I have question on the below code. In the main function what will happen when the line: obj = 20; is executed. I am not able to understand why it calls the constructor? Could anyone of you please explain?
#include <iostream>
#include <string>
using namespace std;
class Int {
int x;
public:
Int(int x_in = 0)
: x{ x_in }
{
cout << "Conversion Ctor called" << endl;
}
operator string()
{
cout << "Conversion Operator" << endl;
return to_string(x);
}
};
int main()
{
Int obj(3);
string str = obj;
obj = 20;
string str2 = static_cast<string>(obj);
obj = static_cast<Int>(30);
return 0;
}
CodePudding user response:
Within the class there is not defined the assignment operator operator =( int )

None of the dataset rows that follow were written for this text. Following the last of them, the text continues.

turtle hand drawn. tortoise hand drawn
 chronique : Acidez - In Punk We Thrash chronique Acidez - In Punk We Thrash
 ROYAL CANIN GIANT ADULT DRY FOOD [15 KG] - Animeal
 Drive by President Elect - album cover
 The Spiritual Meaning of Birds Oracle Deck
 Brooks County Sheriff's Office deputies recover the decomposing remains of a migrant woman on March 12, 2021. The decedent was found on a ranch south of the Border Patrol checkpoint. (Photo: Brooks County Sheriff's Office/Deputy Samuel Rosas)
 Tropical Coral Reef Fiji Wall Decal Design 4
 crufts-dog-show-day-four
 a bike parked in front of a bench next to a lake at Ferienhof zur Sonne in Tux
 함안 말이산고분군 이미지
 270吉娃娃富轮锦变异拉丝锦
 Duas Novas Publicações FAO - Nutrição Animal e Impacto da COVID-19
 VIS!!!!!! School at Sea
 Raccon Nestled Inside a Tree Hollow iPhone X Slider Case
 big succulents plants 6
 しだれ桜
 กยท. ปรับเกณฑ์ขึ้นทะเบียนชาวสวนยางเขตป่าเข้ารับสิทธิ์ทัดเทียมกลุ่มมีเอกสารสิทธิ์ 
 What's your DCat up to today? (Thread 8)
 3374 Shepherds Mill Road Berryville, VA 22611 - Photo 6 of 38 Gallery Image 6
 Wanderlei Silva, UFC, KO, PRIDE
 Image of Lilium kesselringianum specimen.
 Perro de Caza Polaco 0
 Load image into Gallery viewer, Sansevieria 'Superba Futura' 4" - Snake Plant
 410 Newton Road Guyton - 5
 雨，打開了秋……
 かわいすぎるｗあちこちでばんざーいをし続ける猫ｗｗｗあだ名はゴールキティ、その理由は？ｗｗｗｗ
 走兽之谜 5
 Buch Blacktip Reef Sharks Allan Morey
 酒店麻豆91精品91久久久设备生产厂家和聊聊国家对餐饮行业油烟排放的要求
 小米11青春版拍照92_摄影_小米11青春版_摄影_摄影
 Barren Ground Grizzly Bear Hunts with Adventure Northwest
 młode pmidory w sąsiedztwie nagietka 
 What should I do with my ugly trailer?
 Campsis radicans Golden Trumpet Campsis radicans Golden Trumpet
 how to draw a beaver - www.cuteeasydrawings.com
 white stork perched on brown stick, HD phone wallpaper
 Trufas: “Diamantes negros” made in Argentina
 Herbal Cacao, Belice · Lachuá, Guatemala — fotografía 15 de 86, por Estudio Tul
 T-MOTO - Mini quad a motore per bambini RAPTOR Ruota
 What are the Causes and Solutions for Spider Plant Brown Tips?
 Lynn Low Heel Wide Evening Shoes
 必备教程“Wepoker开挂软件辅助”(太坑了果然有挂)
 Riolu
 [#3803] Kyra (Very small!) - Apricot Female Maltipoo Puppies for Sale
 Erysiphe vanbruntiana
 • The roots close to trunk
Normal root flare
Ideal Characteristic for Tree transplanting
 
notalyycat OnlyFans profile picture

. But the class has the conversion constructor
Int(int x_in = 0)
So in this statement
obj = 20;
there is called the constructor like Int( 20 )
to convert the integer value to an object of the type Int
that can be assigned to the object obj
due to the implicit move assignment operator generated by the compiler.
CodePudding user response:
Lacking a assignment operator taking int
, your compiler uses the next best assignment operator it can get it's hands on, which is the implicitly declared move assignment operator (Int::operator=(Int&&)
). To use this operator, a rvalue reference to a Int
object is required, which the compiler creates using the constructor Int::Int(int)
, i.e. the compiler treats obj = 20;
as
obj.operator=(Int(20));
To see what's happening here, you could implement the move assignment operator yourself to print something to the console when the assignment operator is executed:
class Int
{
...
public:
...
Int& operator=(Int&& other)
{
std::cout << "move assignment of Int, new value: " << other.x << '\n';
x = other.x;
return *this;
}
// the following members are only declared to make sure the available
// constructors/operators are the same as in the original version of the code
Int(Int&&) = default;
Int& operator=(Int const&) = default;
Int(Int const&) = default;
};